To do.
Give an exact copy of the data that follows, but none of its pictures.

Given material.
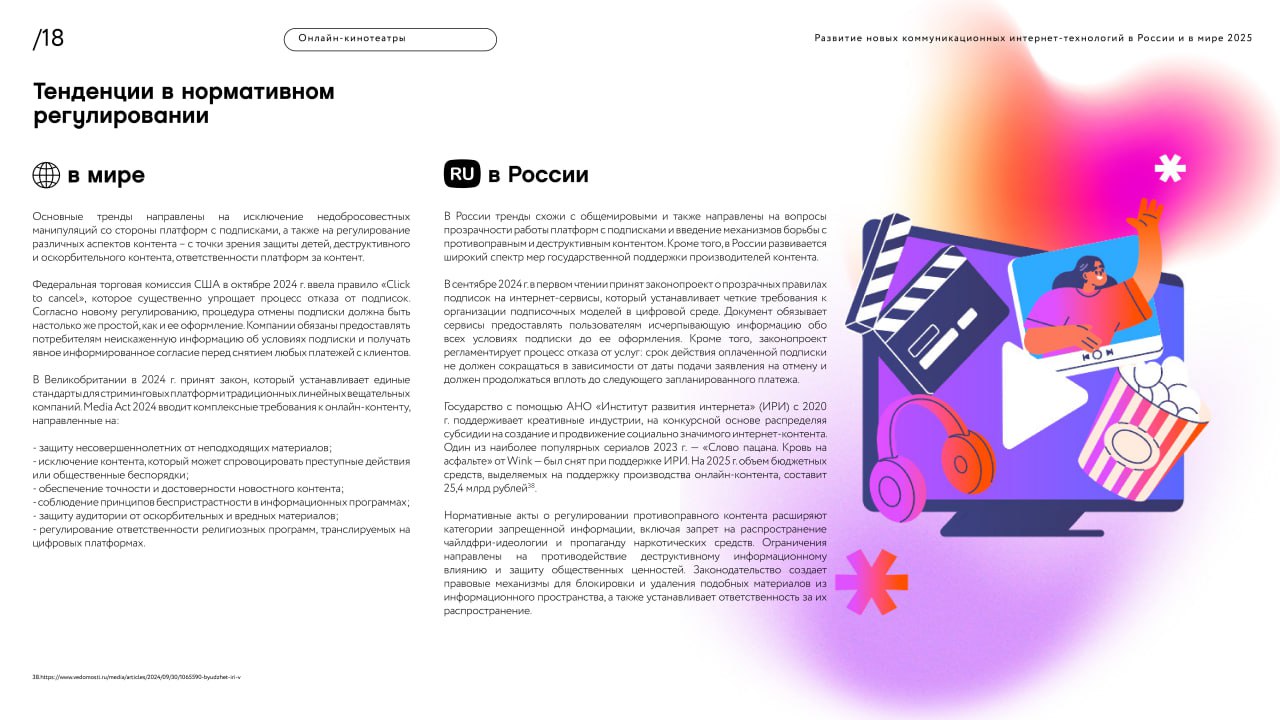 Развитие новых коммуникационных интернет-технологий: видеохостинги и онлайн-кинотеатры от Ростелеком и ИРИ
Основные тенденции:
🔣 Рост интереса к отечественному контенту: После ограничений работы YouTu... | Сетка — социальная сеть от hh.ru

Result of this task.
 Развитие новых коммуникационных интернет-технологий: видеохостинги и онлайн-кинотеатры от Ростелеком и ИРИ
Основные тенденции:
🔣 Рост интереса к отечественному контенту: После ограничений работы YouTu... | Сетка — социальная сеть от hh.ru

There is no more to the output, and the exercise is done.